En “La fiesta del Chivo”, con escritura mordaz, supo describir las vejaciones, las torturas, las violaciones y el asesinato de las hermanas Mirabal. Mujeres valientes, entregadas a la lucha contra la dictadura de Rafael Trujillo. Sus nombres, Minerva, Patria y Maria Teresa, son rescatados por Vargas Llosa para la historia universal. Sus lectores, algunos afines políticamente, debieron enmudecer. Les hizo pensar. Igualmente, en “El sueño del celta” se muestra intransigente al describir a su personaje central, Roger Casement, cónsul británico, cuya vida estuvo marcada por su condena a la esclavitud.
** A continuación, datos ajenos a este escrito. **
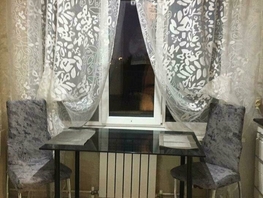 Продается 1-комнатная квартира Межевая ул, 36.5 м², 3100000 рублей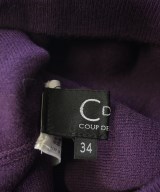 COUP DE CHANCE（クードシャンス）その他 赤 サイズ:34(XS位)/34(XS位) レディース/2200620992107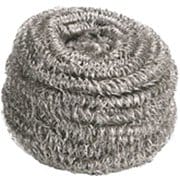 JTW13100 [SA18-8ボンボンタワシ 小箱入 100g(12ヶ入)]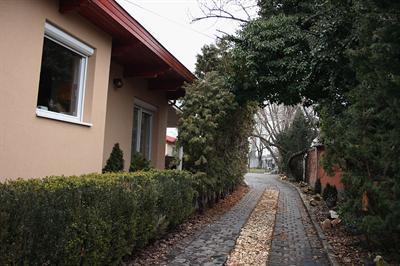 фото отеля Sebestyén Apartmanház-Motel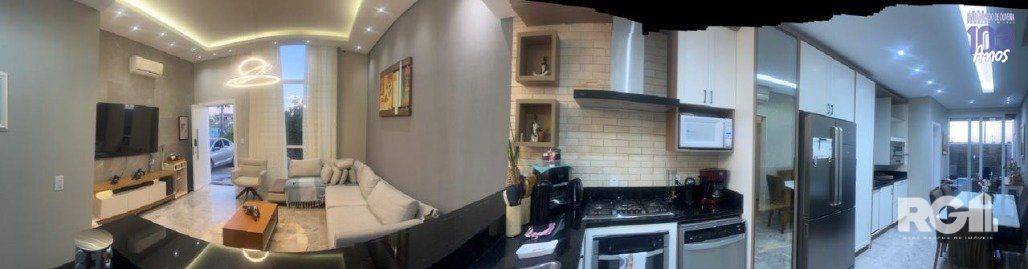 Casa de Condomínio, 3 quartos - Foto 30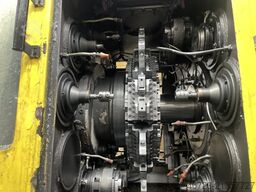 Buffoli 2D-TRIB10-6 CNC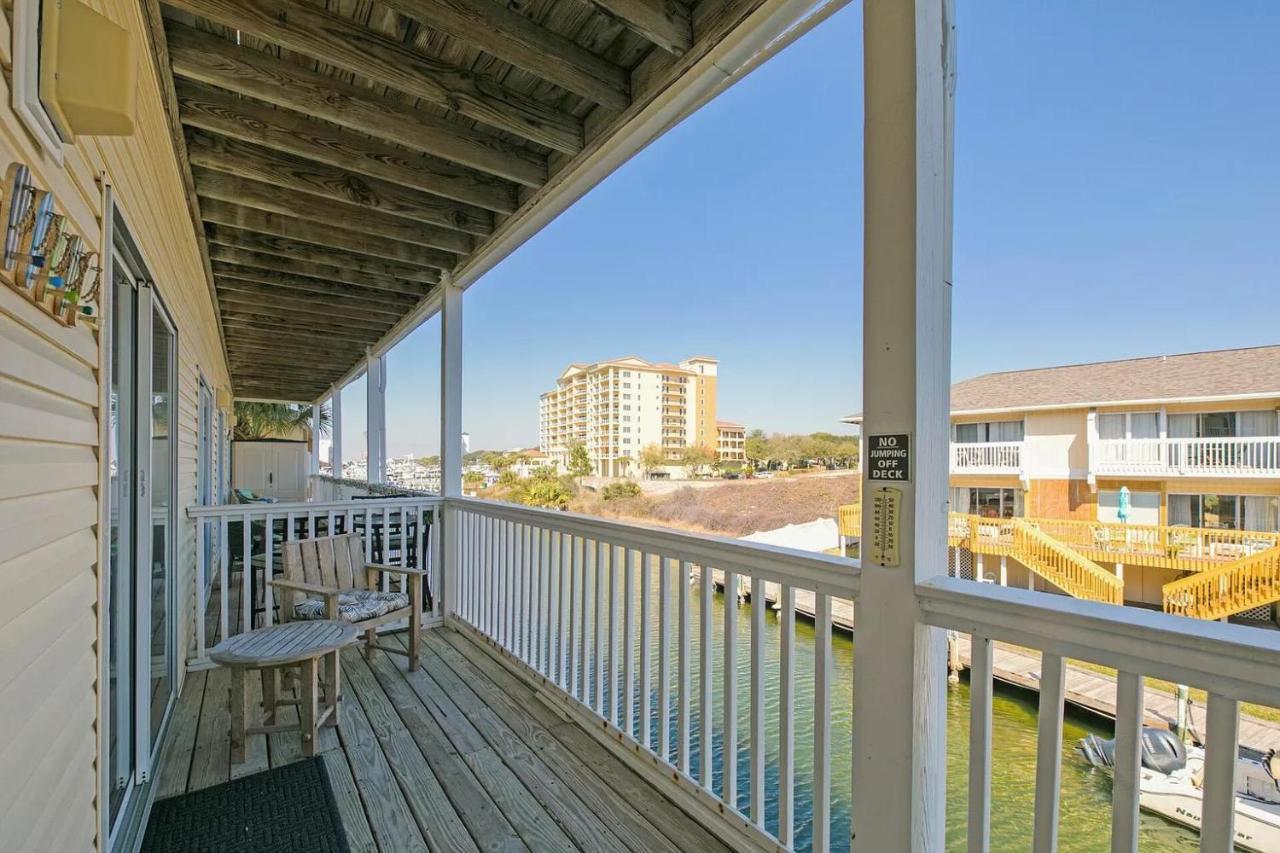 Sandpiper Cove 4114 Destin Extérieur photo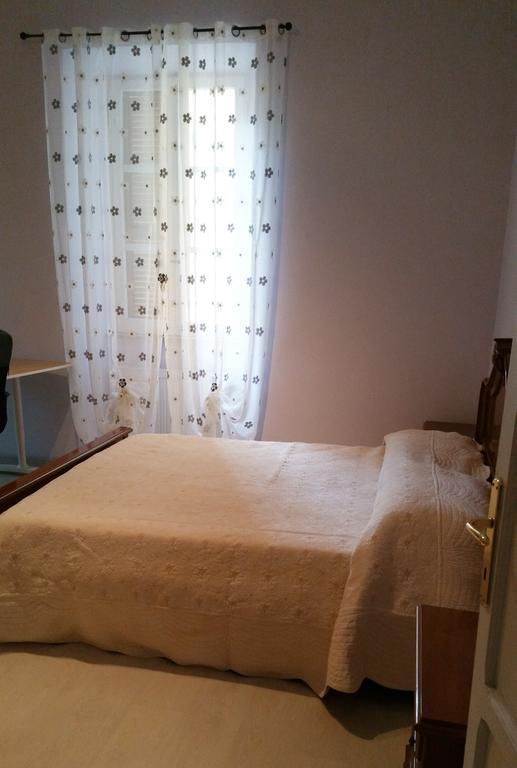 Appartamento Pellico Ponte Lucano Экстерьер фото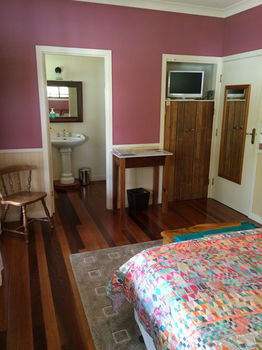 Eumundi Gridley Homestead B&B - Surfers Gold Coast 24
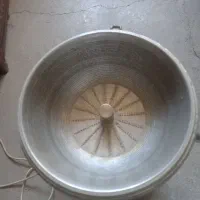 اب میوه گیری صنعتی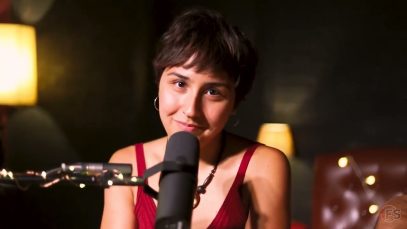 Ani in the hall, Júlia Cruz i Sorguen, finalistes del concurs Sons de la Mediterrània 2025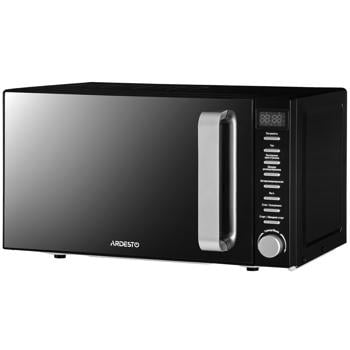 Ardesto Black Microwave 800W 20L GO-E845GB - buy, prices for - photo 3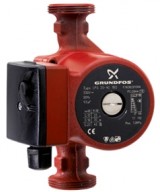 Насос с гидроблоком Grundfos (UPS 15-50 HB) Mora-top / Мора ( арт.: ST50108 )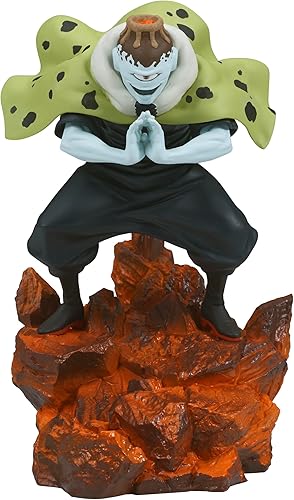 Miniatura 1 de Banpresto - Jujutsu Kaisen - Jogo, Bandai Spirits Combinación Battle 4 Figura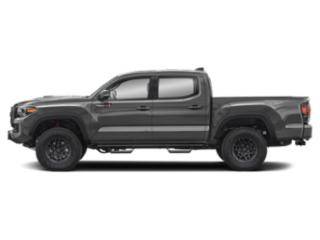 2021 Toyota Tacoma TRD Pro 4WD photo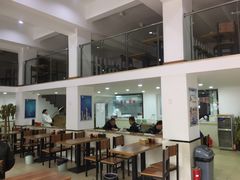 -草桥清真牛肉锅贴扁食店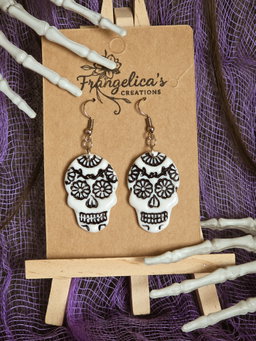 Sugar Skull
Vargas Llosa recoge sus escritos, desmenuza sus cuadernos, se empapa de su historia y le da cuerpo. Es imposible no empatizar con quien denunció los castigos infringidos por la corona belga, bajo el rey Leopoldo II en el Congo. Su descripción no deja indiferente a nadie. Y años más tarde, se adentra en la Amazonia peruana y denuncia las vejaciones sufridas por los pueblos originarios a manos de la compañía cauchera, de capital británico Peruvian Rubber Company en la región del Putumayo.
Su defensa de Roger Casement, acusado de traición a la corona británica, quien acabaría ahorcado. Fue acusado de patrocinar la independencia de Irlanda, aireando de paso su condición homosexual.
Mario Vargas Llosa es un grande de las letras castellanas. Cancelarlo por su ideología es no comprender el significado de su obra, ni sus cavilaciones políticas. No hay que odiarlo ni venerarlo, simplemente leerlo. Seguramente, podemos decir de Vargas Llosa, lo que él concluyó sobre la personalidad de Roger Casement: “es imposible conocer de manera definitiva a un ser humano, totalidad que se escurre siempre de todas las redes teóricas y racionales que tratan de capturarla”. Seguramente ni pendejo ni cojudo.